‘“Thems what go in there like this”—the woman held a hand up, fingers pointing at the sky— “come out like this”—she tipped her hand until the palm was horizontal.’ (Loc 316)
In an alternative London in 1850, the Royal Society of the Esoteric Arts is recruiting raw, untrained magicians. And they are prepared to pay families handsomely for such talent. Benjamin Gunn and his sister Charlotte appear to have some magical capabilities and one of them is brought to the attention of the Society. This novella by Emma Newman tells the first part of their story, paving the way for more books in what is billed as “a new gaslamp fantasy series” by the author.
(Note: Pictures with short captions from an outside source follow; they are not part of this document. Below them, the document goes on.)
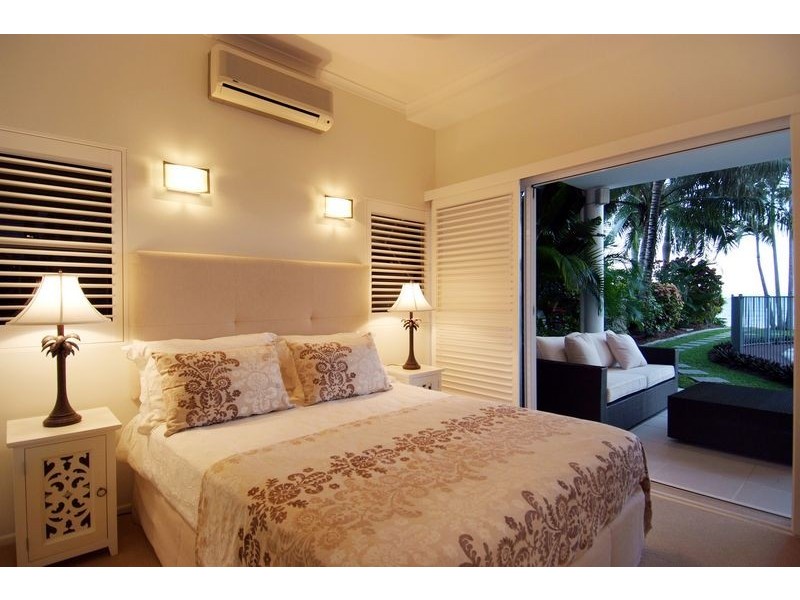 32 Hibiscus Lane, Holloways Beach QLD 4878
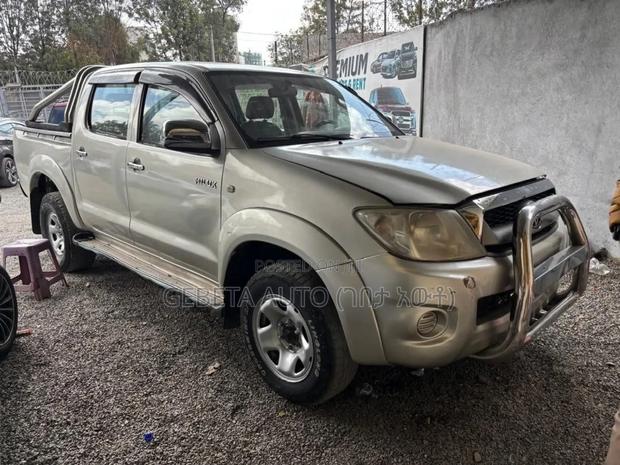 Toyota Hilux 2.5 D-4D 4X4 SRX 2010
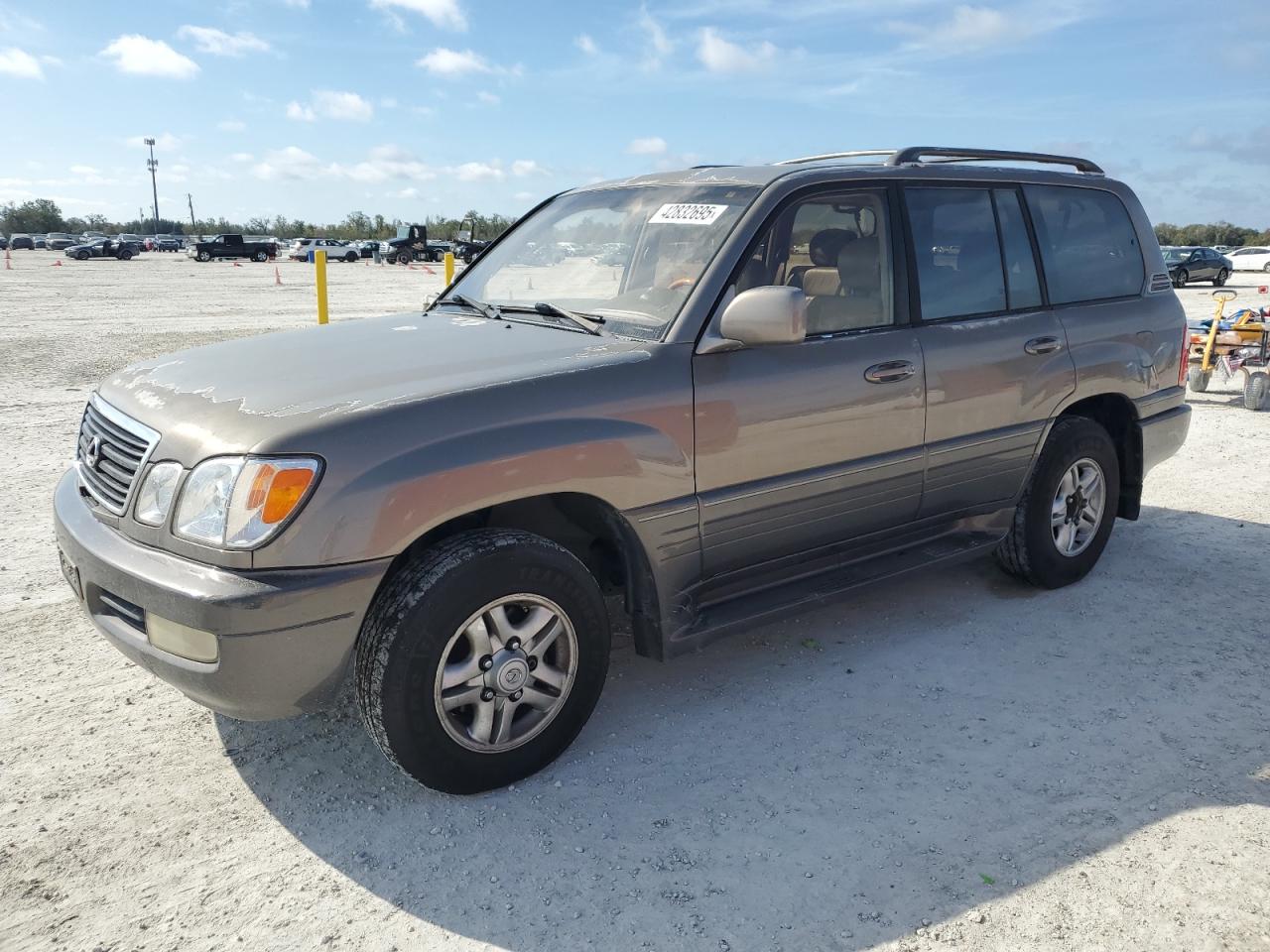 2000 Lexus LX - Image 1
Brother’s Ruin is a short and entertaining novella which builds an interesting world around its characters. It’s Victorian England with magic, although Newman refrains from depicting magical battles in the vein of the Harry Potter books. The magic in this story is more restrained.
“I’d like you to ignite the wick without the use of any tools or assistance of any kind. You’re not permitted to touch the candle, but you may look at it. Do you understand the task?” (Loc 1256)
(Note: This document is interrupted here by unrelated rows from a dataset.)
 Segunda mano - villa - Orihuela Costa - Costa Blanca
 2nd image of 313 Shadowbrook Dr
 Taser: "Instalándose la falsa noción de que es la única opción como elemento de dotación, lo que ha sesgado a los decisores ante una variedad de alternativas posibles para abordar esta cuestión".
The characters are well fleshed out, if a little stereotypical at times: the strong-willed daughter, the nice-but-frail brother, the well-meaning yet foolish father, and the plain-speaking, rude villain from up North. This sounds dismissive but Newman does breathe life into these characters, and I wanted to know what would happen to them next. The brother began to annoy me after a while, but then isn’t that a sign of good writing; the words on the page provoking an emotional reaction in me, the reader?
There is a second plotline about some mysterious disappearances in the neighborhood which may or may not be linked to the Royal Society. In an attempt to aid her family, Charlotte becomes mixed up in this intrigue, leading her into a dangerous world which lurks just under the surface of “proper” Victorian society. Newman ties the threads of the story together as we approach the end and leaves the reader hungry for more.
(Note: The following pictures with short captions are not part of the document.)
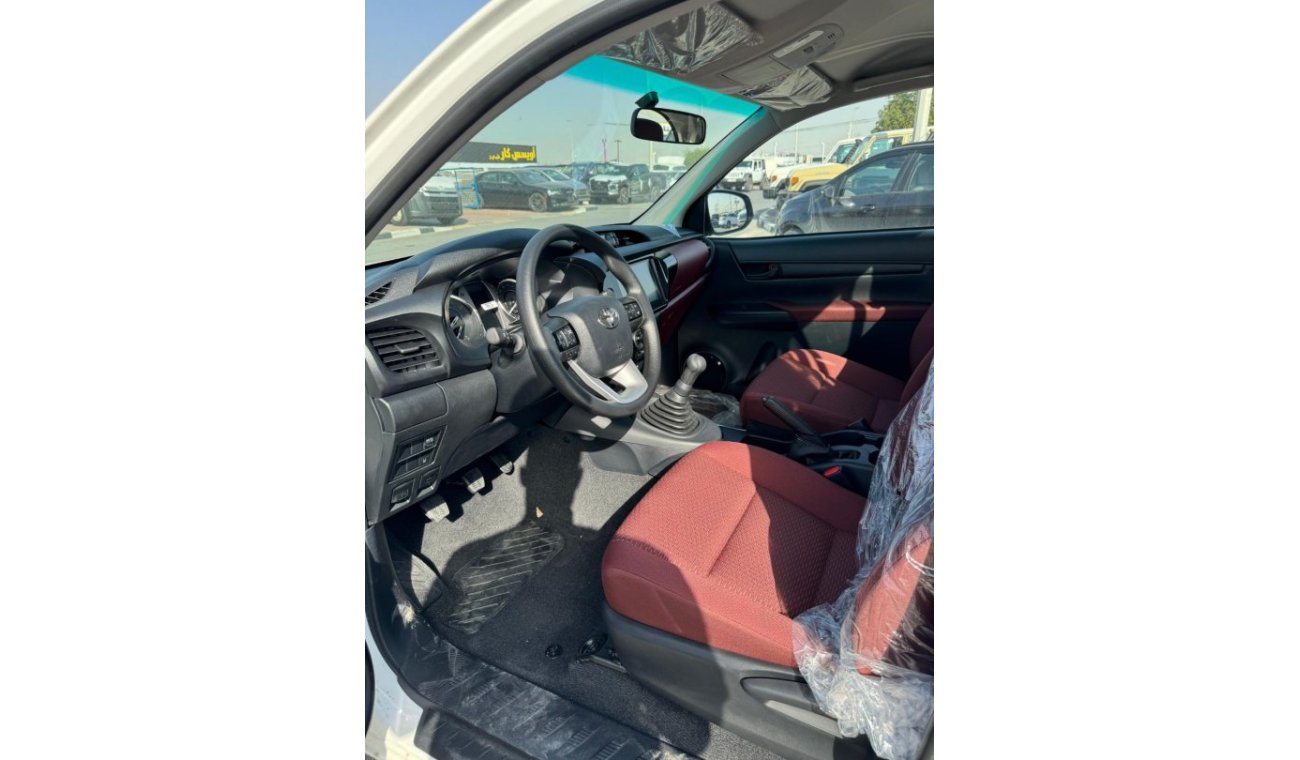 تويوتا هيلوكس Hilux Single Cabin 2.7 4x2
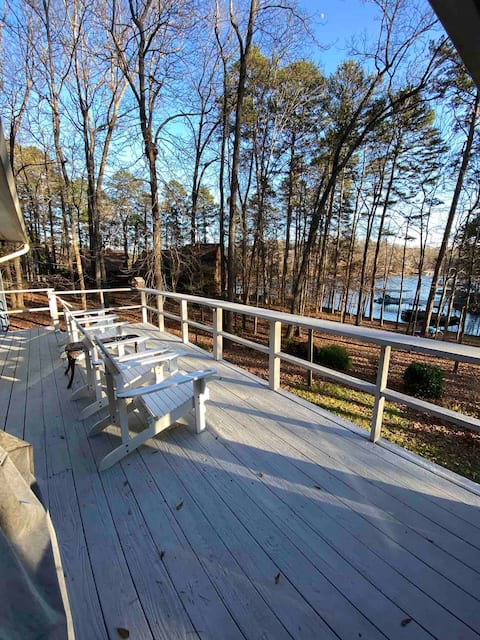 Entire Lake House. Fish, grill, peace and quiet.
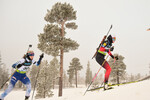 28.11.2021, xetx, Biathlon IBU Cup Idre, Pursuit Women, v.l. Venla Lehtonen (FINLAND), Eline Grue (NORWAY)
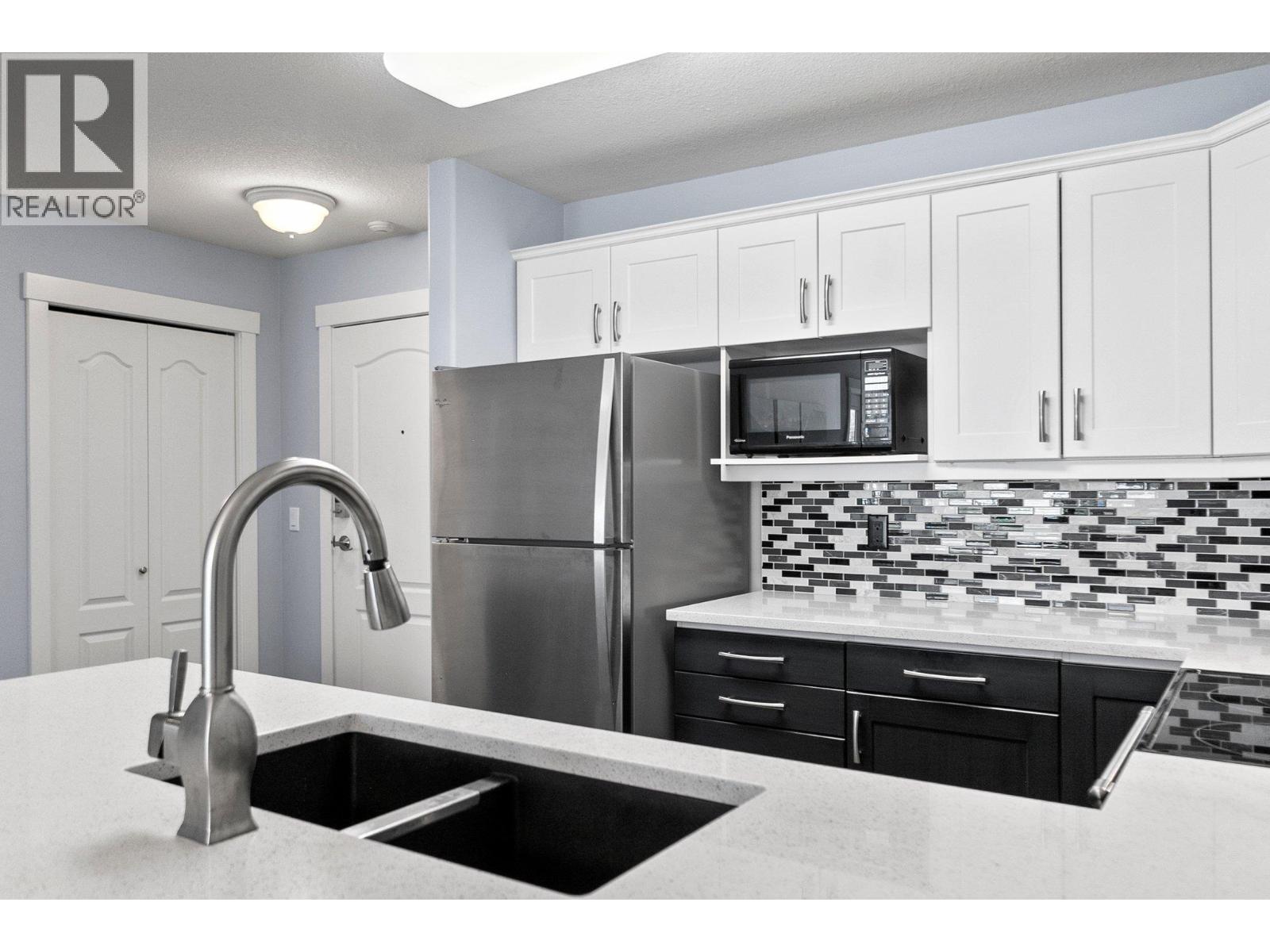 112 1002 Riverside Avenue, Sicamous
Overall, this was a light, enjoyable story which was fun to read but over too quickly. It feels like Newman used this novella as a set-up for the main story that will follow later this year. The depiction of magic is intriguing and reminded me a little bit of Jonathan Strange and Mister Norrell. The dialogue is a touch corny at times, and a character or two may annoy some readers, but I had a good time following Charlotte’s journey.